Agressão gratuita
Pedro J. Bondaczuk
A indústria cinematográfica mundial vive, a exemplo de
tantas outras atividades (quer políticas, quer econômicas, quer artísticas ou
quer de várias outras naturezas) enorme crise de qualidade e, principalmente,
de criatividade, embora muitos, provavelmente, não comunguem dessa minha
opinião. Estão no seu direito. Não é por acaso que baboseiras do tipo
“Sexta-Feira 13” ,
“Rambo”, “Casa do Espanto” e tantas e tantas outras coisas tolas, embora
inofensivas, sejam produzidas em série, refletindo falta de imaginação
contundente, infelizmente aceita, passivamente, pelo público consumidor, como
suprassumo de “arte”.
Todavia, de uns tempos a esta
parte, uma nova tendência vem se manifestando devagarinho, quer no cinema, quer
na Literatura, com algumas características piores ainda: são perigosas, por se
brincar com coisas muito sérias, que alguns celerados não sabem respeitar.
Determinados produtores (e escritores), ávidos por publicidade, estão
investindo contra a religião como se fosse a atitude mais inocente e natural
que há. Misturam o sagrado e o profano em um único e podre balaio, sem medir
conseqüências, achando que com isso são “revolucionários” ou, no mínimo,
originais. Mas não são nem uma coisa e nem outra.
Que algumas pessoas não acreditem
em religiões e não queiram se vincular a nenhuma das milhares que há por aí,
tudo bem. Estão no seu direito. É questão de foro íntimo que tem que ser
respeitada. Que existam os que não crêem nem mesmo em Deus (não importa o nome
que Lhe dêem) e interpretem todos os fenômenos do universo por ótica
rigorosamente mecanicista, atribuindo a origem e o funcionamento de tudo o que
há ao acaso, a um suposto big bang ou coisa que o valha, também é um direito de
cada um e que tem que ser respeitado.
O que não concordo é a tentativa de
alguns de impor seu pensamento mediante algum tipo de coação, psicológico,
artístico ou, principalmente, físico. E disso discordo com a máxima veemência.
Sou contrário a qualquer forma de proselitismo, quer de deístas, quer de ateus,
e ainda mais utilizando a arte como instrumento.

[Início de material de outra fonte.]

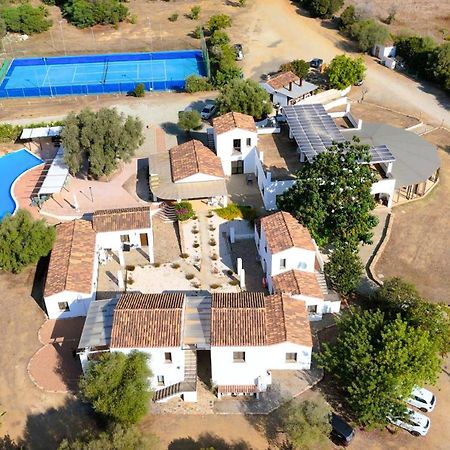 Cort'E Nastasj Otel Tertenìa Dış mekan fotoğraf
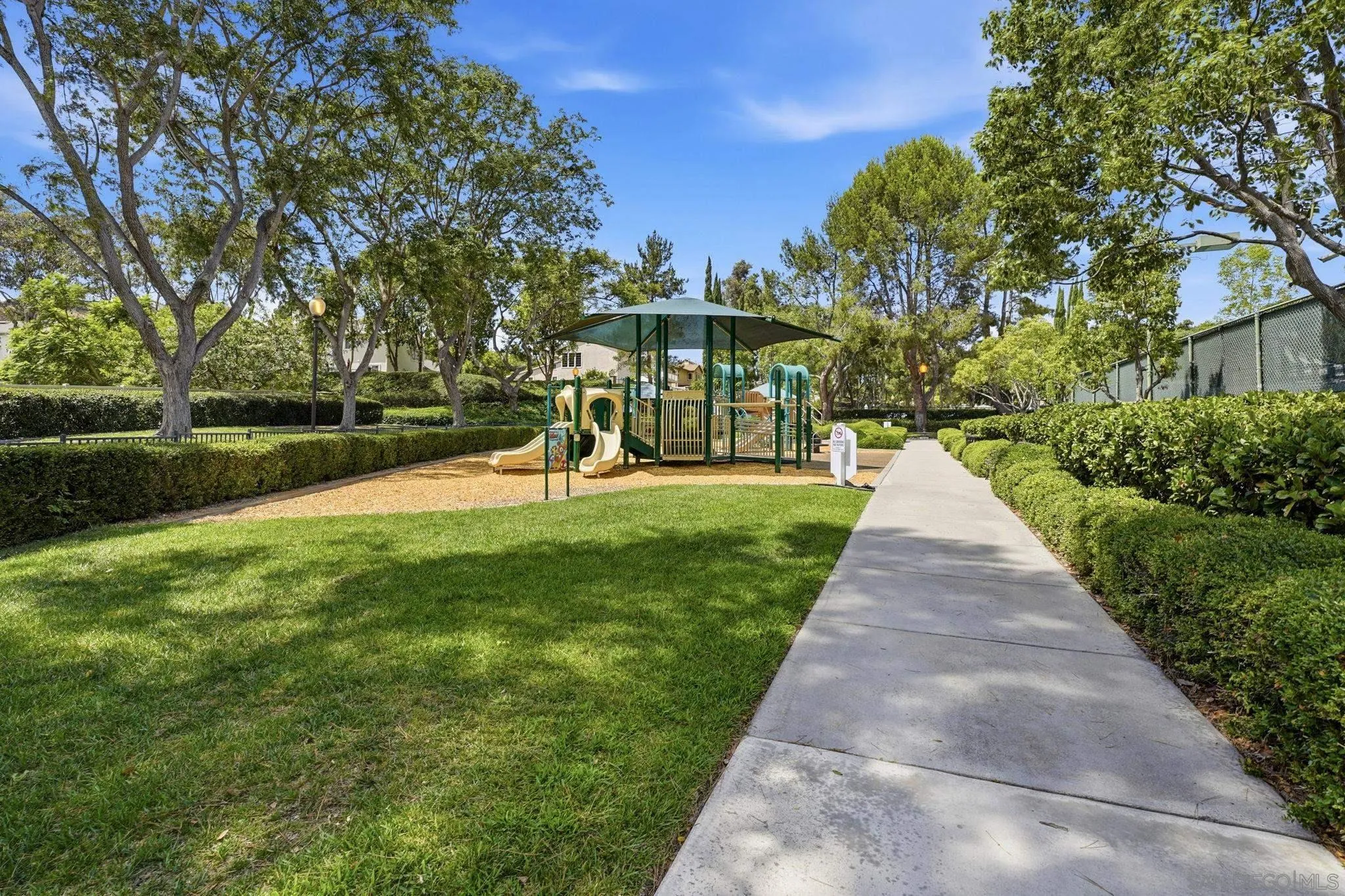 https://cdn.realtyfeed.com/cdn/127/260021056/e9759d70748c975e88285b19555b8c34.webp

As pessoas podem acreditar no
que quiserem, desde que reservem a crença apenas para si. Podem discordar da fé
alheia e considerá-la crendices e superstições, mas sem ridicularizá-la. E
muito menos utilizando o pretexto de “fazer arte” com isso, até porque, a
reação de quem é ridicularizado pode ser imprevisível e de intensidade extrema.
Ademais, há milhões de temas a serem explorados em literatura, pintura,
escultura, cinema, teatro etc. que não seja o referente à crença.
Entendam, não sou, nunca fui e
jamais serei favorável a nenhum tipo de censura e nem poderia ser. O que
defendo é que o artista tenha bom-senso (e por que não dizer, bom gosto) e
estabelecer distância de assuntos cuja exploração pode ser interpretada como provocação,
mesmo que não seja esta a intenção. A crença e a descrença, reitero, são
questões estritamente pessoais. A rigor, ninguém tem certeza de praticamente
nada num universo complexo e misterioso. Há que se fazer distinção entre o que
se acredita e o que de fato é. Certeza, certeza mesmo, não temos praticamente
de nada. O que temos são teorias em profusão e só isso. Pode acontecer que
aquilo que nos aparente ser absurdo e ridículo hoje se comprove, mais tarde,
ser a verdade, e vice-versa.
Depois da controvérsia em torno
do filme “Je vous Salue Marie”, por exemplo, que causou tanta celeuma entre
nós, na década de 80 do século XX, a indústria cinematográfica partiu para uma
agressão ainda mais ostensiva contra metade da humanidade, que professa o cristianismo.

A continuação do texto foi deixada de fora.